In conclusion, comment should be made on the attitude of the parents. It
is realised that they have come to regard the organisers as their friends to whom
they may always appeal for advice about their troubles, or problems connected with
their homes and children, and earnest endeavour is made to deal with their difficulties
sympathetically.
Middlesex
Hospital.
The arrangements for an assistant organiser to attend the aural sessions at the
Middlesex Hospital was started in May, 1925, and figures are attached shewing
the number of attendances made by children from Council elementary schools until
the end of 1927. There was a slight increase in the work during the last year when
the average number of new cases per session was 10.2 as against 9.2 in the previous
years.
Procedure
at the
hospital.
The children attending the hospital can be divided into three groups: 1. Referred
by private doctors with letters; 2. Attending with M.O., 49; as the result of
medical inspections in school; 3. Brought by parents who suspect ear, nose or
throat trouble.
The last group has to be examined first in the ordinary out-patient department by
the casualty surgical officer, who refers the children to the aural surgeon if necessary.
There are usually four surgeons present at a session. A patient with a letter from
a private doctor is seen by the honorary visiting surgeon, other new cases by the
aural registrar. Old cases, unless specially told to see the honorary visiting surgeon,
are seen by one of his assistants. The Council's organiser sees all patients in the
waiting room and makes a record card for each child attending a Council school,
as far as possible before the session starts. During the session she remains in the
room and interviews each parent after the surgeon has examined the child. She
notes the dates of all operations and arranges for the district nurses to visit the
homes.
In-patient
treatment.
A certain number of tonsil and adenoid cases is referred for admission on
account of:—1. Bad home conditions; 2. The state of the child's general health;
3. Distance from home. Such cases are marked by the surgeon, A—urgent; B—
fairly urgent, or C—can wait, according to urgency, and are sent for by the secretary
as vacancies occur.

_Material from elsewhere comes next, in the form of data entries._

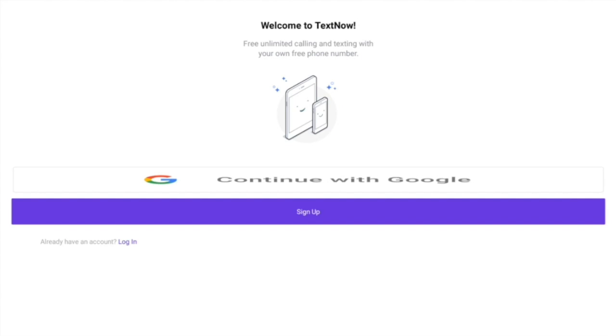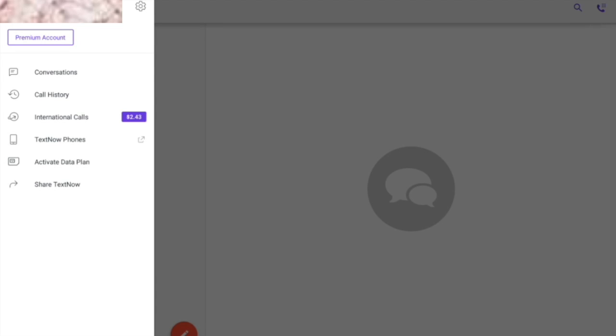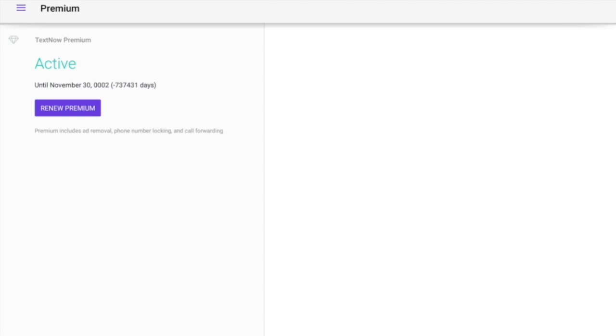Right here you can go ahead and sign in or sign up. I'm gonna go ahead and log in, and right here on your left hand side you have your menu. Here's the premium account - as you can see it says it's good until November 30th, 0002, which is how many days are left.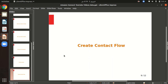In this video we will learn how we can create a contact flow in Amazon Connect. First, let's understand what a contact flow is. A contact flow defines how a customer experiences your contact center from start to finish.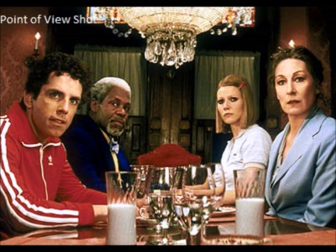This is an example of a point of view shot. A point of view shot allows the audience to see what the subject is seeing through their own eyes.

There is, however, a long waiting list, therefore cases marked
' C" have to wait for several months. Patients remain in from one to six days,
according to the nature of the case.
Charge for
treatment.
All patients are registered by a member of the almoner's staff, who takes notes
of their circumstances. A charge of 6d. per attendance is made where circumstances
are favourable, but those who cannot afford this are admitted free. This charge
covers medicine, etc., but not X-ray or operation. All operation cases see the
almoner for assessment before leaving the hospital.
A breathing exercise class is held at the hospital twice weekly. A certain
number of children is referred to this class after an operation for the removal of
tonsil and adenoids. Occasionally a child is sent who does not need an operation,
but has acquired the habit of breathing wrongly. The parents are present, and are
instructed how to supervise the exercises to be done at home. Twenty attendances
complete the full course, but patients who lives at a distance are frequently asked
to attend once only for instruction in the correct method of breathing. Reference
to this class varies with the surgeon. The number of cases referred in the years
1925-6-7 was 30, 54 and 94 respectively. Endeavour is made to keep in touch with
these cases, but it is difficult owing to the way the records are kept. On two
occasions, Mr. Somerville-Hastings has asked for the attention of Dr. Sikes to be
drawn to the way children were being taught to breathe in certain schools. In both
cases Dr. Sikes visited the school himself and went into the matter with the head
teacher.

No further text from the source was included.